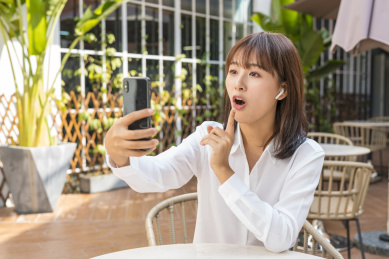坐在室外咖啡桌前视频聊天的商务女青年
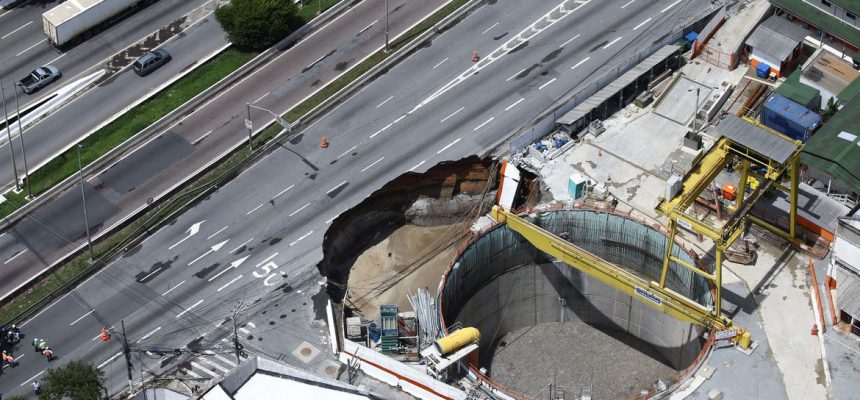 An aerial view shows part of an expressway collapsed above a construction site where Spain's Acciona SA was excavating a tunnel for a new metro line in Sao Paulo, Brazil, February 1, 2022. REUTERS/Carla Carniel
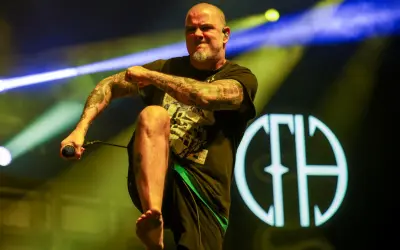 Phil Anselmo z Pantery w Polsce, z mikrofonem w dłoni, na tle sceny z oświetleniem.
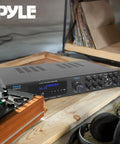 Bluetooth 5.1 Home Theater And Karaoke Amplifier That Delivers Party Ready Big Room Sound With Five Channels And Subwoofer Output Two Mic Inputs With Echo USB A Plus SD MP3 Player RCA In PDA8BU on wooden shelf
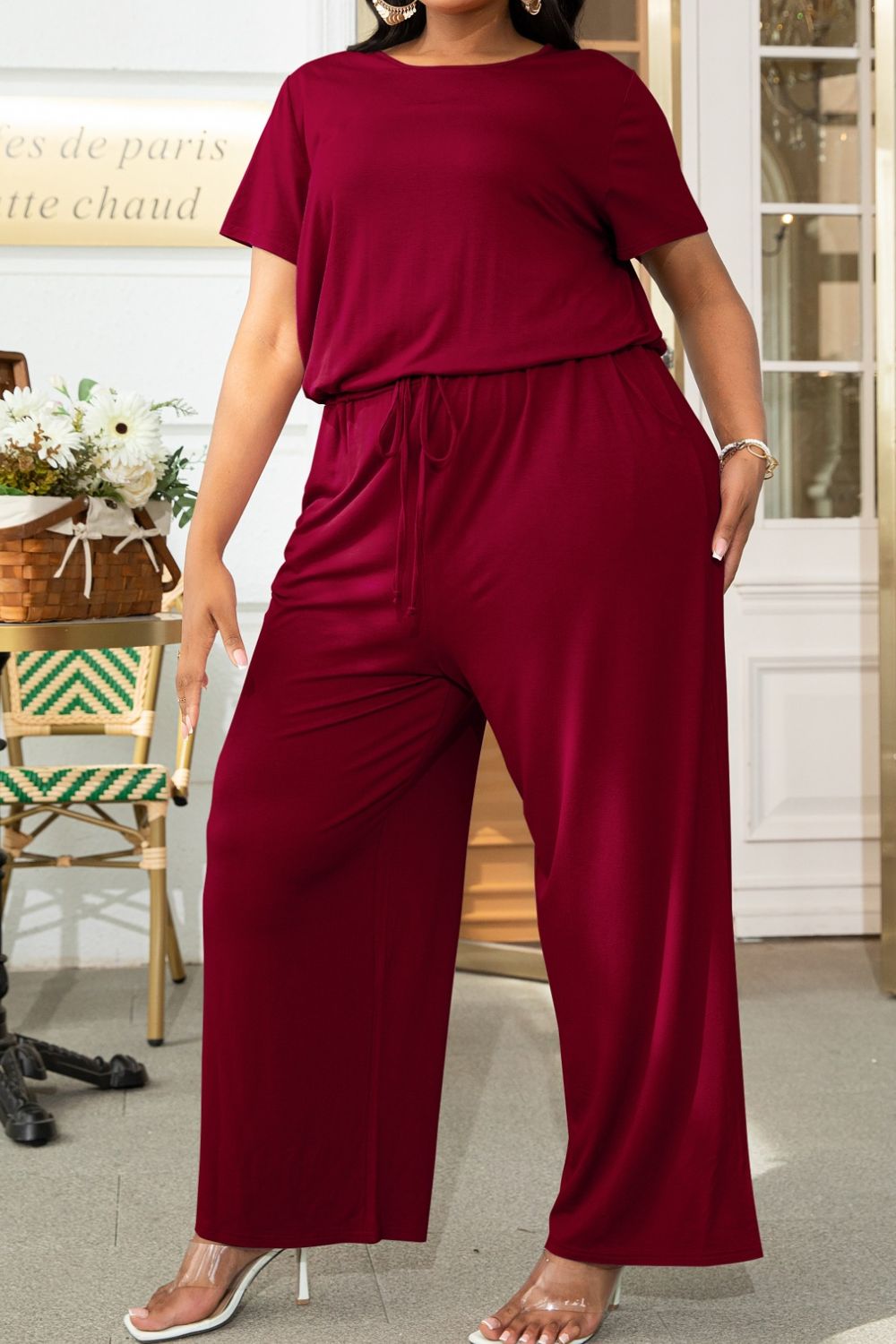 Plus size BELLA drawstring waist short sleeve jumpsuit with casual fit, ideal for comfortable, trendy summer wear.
----
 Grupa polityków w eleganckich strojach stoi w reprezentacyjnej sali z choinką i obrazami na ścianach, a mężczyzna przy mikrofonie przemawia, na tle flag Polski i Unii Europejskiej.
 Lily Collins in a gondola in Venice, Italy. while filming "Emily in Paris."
----
### WHAT THE TASK REQUIRES
Copy exactly, without pictures, the lines above from the one with "Phil Anselmo z" down to the one with "Bluetooth 5.1 Home", inclusive.

### OUTPUT OF THE TASK
 Phil Anselmo z Pantery w Polsce, z mikrofonem w dłoni, na tle sceny z oświetleniem.
 Bluetooth 5.1 Home Theater And Karaoke Amplifier That Delivers Party Ready Big Room Sound With Five Channels And Subwoofer Output Two Mic Inputs With Echo USB A Plus SD MP3 Player RCA In PDA8BU on wooden shelf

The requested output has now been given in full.